BLANCK MASS - Bloodhound/ You (Review)

Bloodhound/ You is the latest release by electronic composer Benjamin John Power.

His solo project Blanck Mass has been ongoing since 2011. After the acclaimed World Eater and Animated Violence Mild, he gifts us with a 2-track release conceived as a 12" vinyl with 2 opposite yet complementary sides.

Bloodhound and You are a yin-yang metaphor exploring the binary nature of the world right now. As we experience some of the biggest divides on the planet, the concept of humanity has slowly become a "split" one. Contemporary society is about separating and polarising, and in that we have lost our most basic need for connection and compassion.

This is definitely not the first time that Power has used music to dive into the most paradoxical and controversial aspects of our time. His approach is usually a sonically direct one, while the intellectual/ interpretative side always displays an open universal nature.

Bloodhound starts in classic Blanck Mass fashion: noisy, obscure, and aggressive on the edges. The raw guitar segments take me to an old-school hardcore punk gig, while the heavily filtered vocals quickly catapult me into a death metal one. When the droning soundscapes start, his recognisable compositional structure unfolds. Gear-shifts in texture and unexpected samples are just a few of the extra colours on Power’s sound palette, one in which all colours eventually mesh into deep black. It's a dimension in between euphoric relief and menace, surrender and resistance. Blanck Mass now feels freer to wander from some of his previous experimental searches to a new higher impactful direction. The acquired "orchestral" flavour he gained from many years of movie scores has now tipped into his electronic mix. The result is one of hypnotic wonder in the most literal sense, meant to paralyse and overwhelm with both beauty and fear. This track is a bridge connecting World Eater to Power's present and future potential. 

While Bloodhound shows clear domineering aggression and mesmeric repetition, You is probably the closest he has ever come to writing a love song. With prominent 80s synthwave elements, this could easily be the "prettiest" track in the BM catalogue to date. It feels strange and almost wrong describing it with such a banal aesthetic adjective, but it truly is "pretty" in a larger sense. It also happens to be stylistically the closest composition to Animated Violence Mild in my opinion.
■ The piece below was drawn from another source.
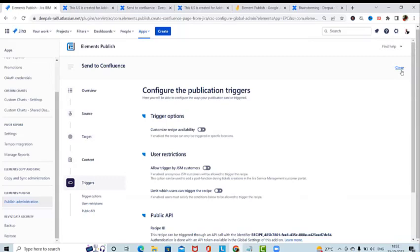This add-on creates Confluence pages from Jira issues using an easy-to-use recipe. It creates pages with issue data like descriptions, text fields, labels, and attachments from Jira. Element Publish can even update our Confluence pages when Jira issue details change, keeping Jira and Confluence always in sync. Page titles are generated dynamically based on issue details like the summary, key, or reporter — with no scripting or webhooks to configure.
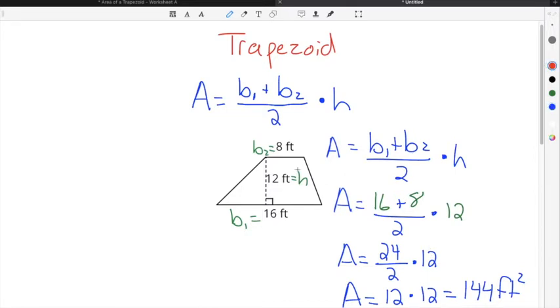The big thing to remember is that the height is the distance between the two parallel sides, and the bases are the side lengths on the outside of the trapezoid.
It draws power from raising upwards through blissful elegant transitions and build ups. If its counterpart conveys the violence of humanity destroying its very nature, You stands as a universal reminder of what that very nature is. 

On this release, the coexistence of melody and belligerence, of fragility and reckless dehumanising power, speak to the constructive and destructive capabilities of mankind. 

Once again, Blanck Mass has managed to successfully capture the very essence and social relevance of a moment in time.